The abundance of sulfide based on 2p orbital electrons is analyzed by using narrow scan analysis in the energy range of 155 to 175 eV in XPS. In the narrow scan analysis in the above energy range, SO ₄ and sulfide are detected as S based on 2p orbital electrons in the porous layer, and it can be determined that the peak appearing in the vicinity of 162 eV of the binding energy is derived from sulfide. . As represented by the above equation, there may be a specific relationship between the amount of sulfide present in the regions S1 and S2. It is more preferable to satisfy the relationship of S1 (2p) / S2 (2p) = 0.75 to 90, and it is further preferable to satisfy the relationship of S1 (2p) / S2 (2p) = 1.0 to 80.

  When the binding energy is 155 to 165 eV, the peak of the spectrum based on 2p orbital electrons of S measured by narrow scan analysis of X-ray photoelectron spectroscopy has a depth of 0.50 to 0.50 from the surface of the porous layer. It is preferably present in the porous layer in the range of up to 100 μm, more preferably present in the porous layer in the range of 0.75 to 90 μm, and present in the porous layer in the range of 1.0 to 80 μm. Further preferred. When the spectral peak depth is within the above range, the first hole extending in the vertical direction below the second hole can be formed to a thickness sufficient to diffusely reflect visible light. The whiteness of the member can be improved.

2. The manufacturing method of an aluminum member The manufacturing method of the aluminum member of one Embodiment has the process of preparing a base material, and the process of anodizing with respect to a base material. Conventionally, in order to perform the anodizing treatment, it is necessary to perform a primary treatment and a secondary treatment using an electrolytic solution different from the primary treatment. In some cases, it is necessary to perform a tertiary or higher treatment using different electrolytes. On the other hand, in the manufacturing method of the aluminum member of one embodiment, the concentration C _{S of S} and the concentration C _{P of} P in the porous layer measured by the X-ray photoelectron spectroscopy are applied to the base material from the surface of the anodized film.

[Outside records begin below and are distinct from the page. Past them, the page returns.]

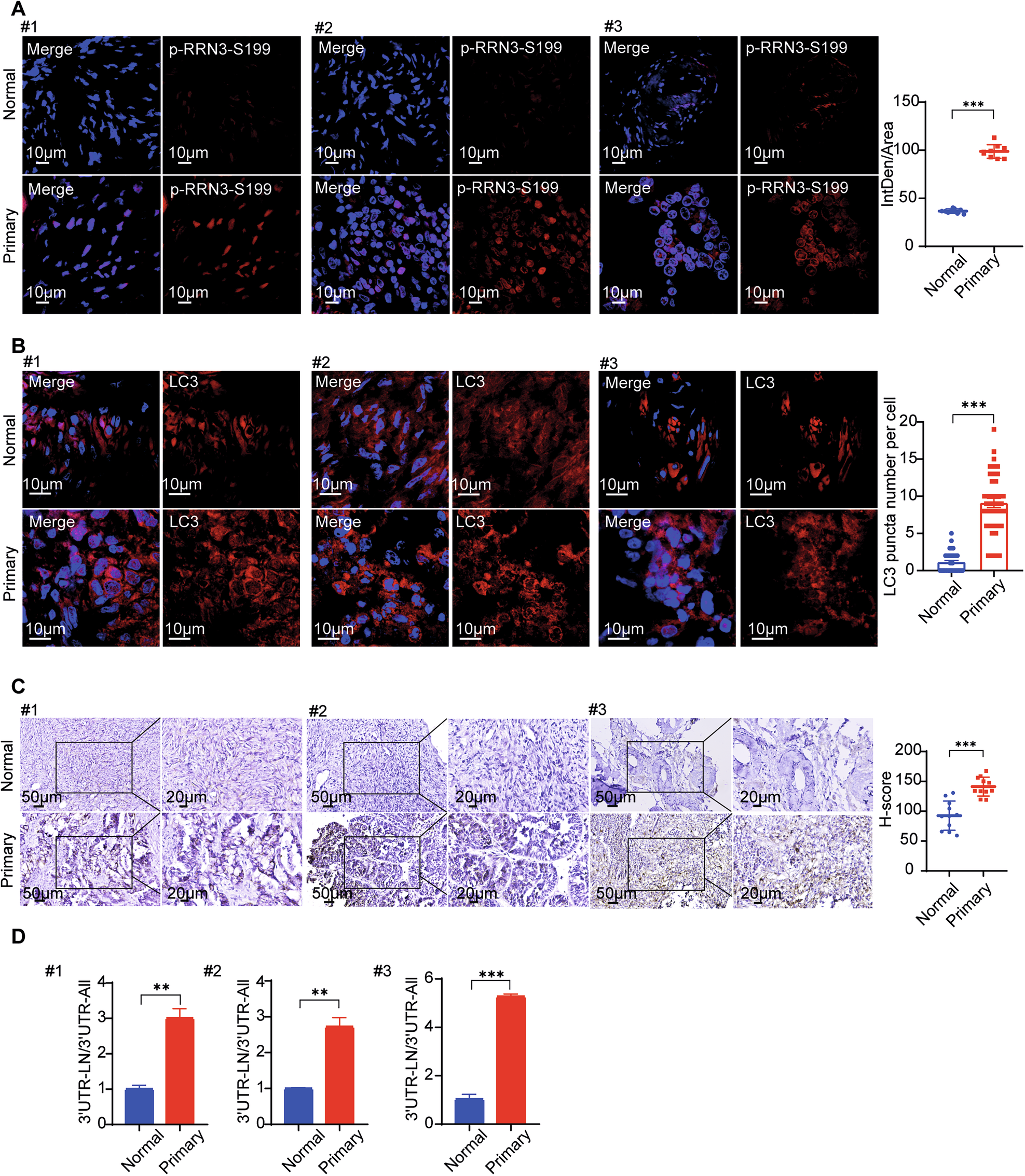 Fig. 8: Phosphorylation of RRN3 at serine 199 enhances autophagy contributing to ovarian cancer progression.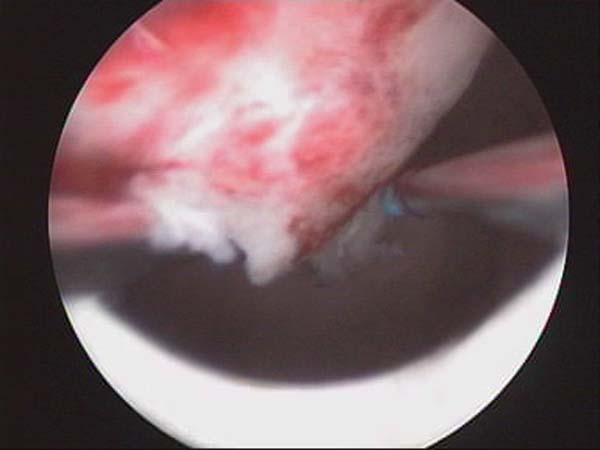 hysteroscopic myomectomy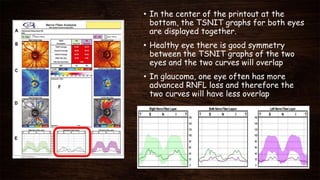• In the center of the printout at the
bottom, the TSNIT graphs for both eyes
are displayed together.
• Healthy eye there is good symmetry
between the TSNIT graphs of the two
eyes and the two curves will overlap
• In glaucoma, one eye often has more
advanced RNFL loss and therefore the
two curves will have less overlap
 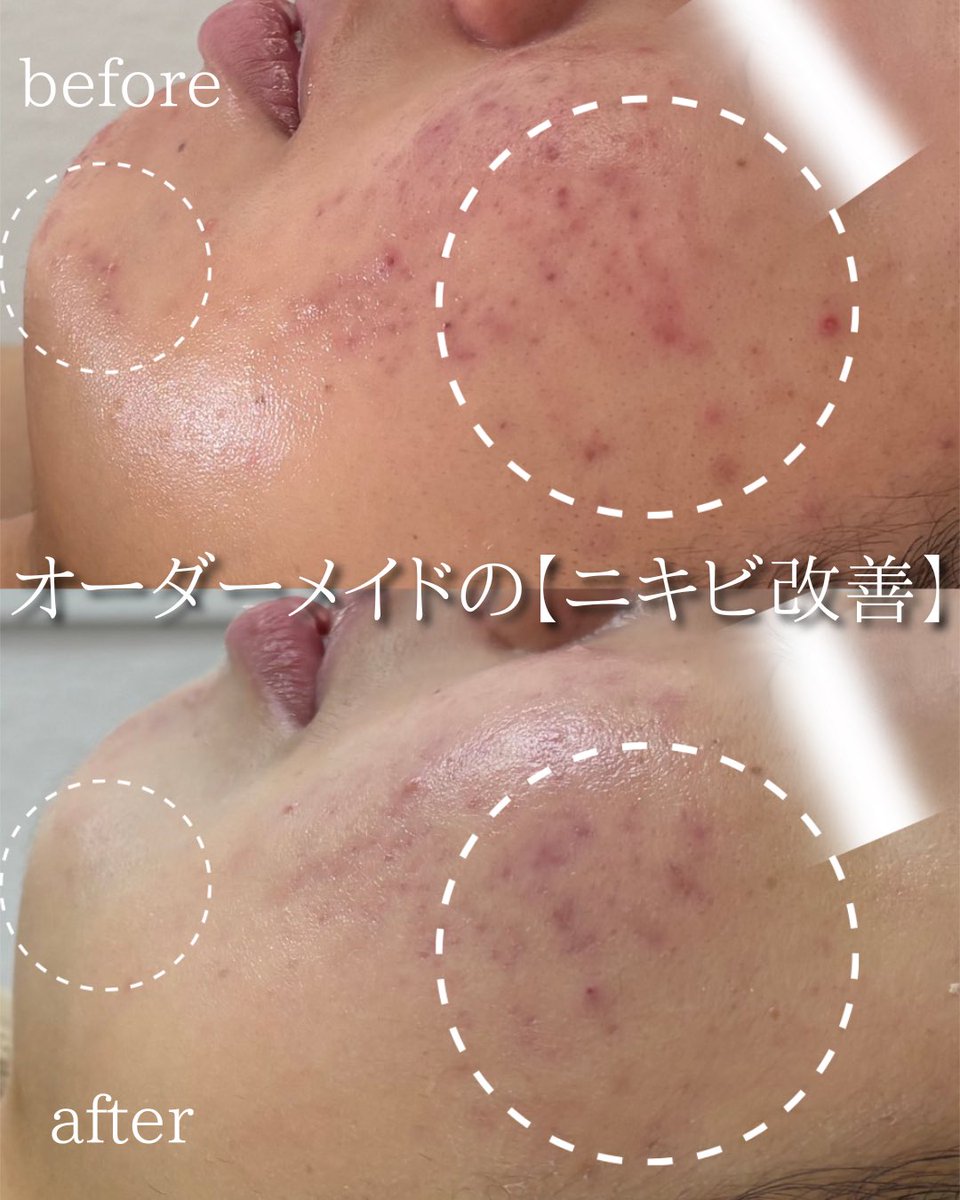 UneLimit39's tweet photo. Unelimit原宿店 まやです🔥

【オーダーメイドニキビ改善】

お客様一人一人に合ったメニューやホームケア。
私たちスキンケアアドバイザーがしっかりと肌質改善をサポートさせていただきます♪♪

フェイシャルエステ初めての方や、メニューで迷われている方
ぜひぜひオーダーメイドメニューをお選びください✨

 #肌質改善 #肌管理 #肌荒れ #スキンケア #エステサロン #ピーリング #ニキビ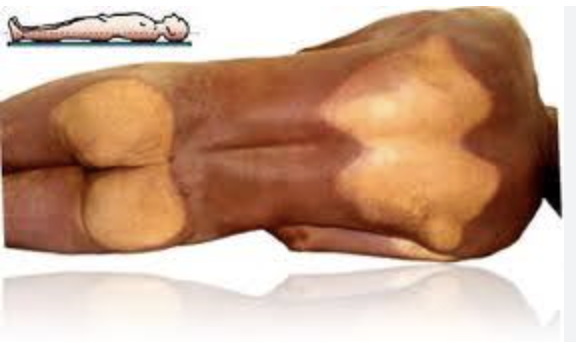 livideces cadavericas explicacion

An aluminum member in which C _S > C _P can be provided over the depth direction toward it. As a result, an aluminum member having high whiteness can be provided by a simpler primary treatment than in the past. Below, each process is demonstrated in detail.

(Process of preparing the base material)
First, a base material made of aluminum or an aluminum alloy is prepared. Although it does not specifically limit as an aluminum alloy, 1000 series aluminum alloy, 5000 series aluminum alloy, or 6000 series aluminum alloy can be mentioned.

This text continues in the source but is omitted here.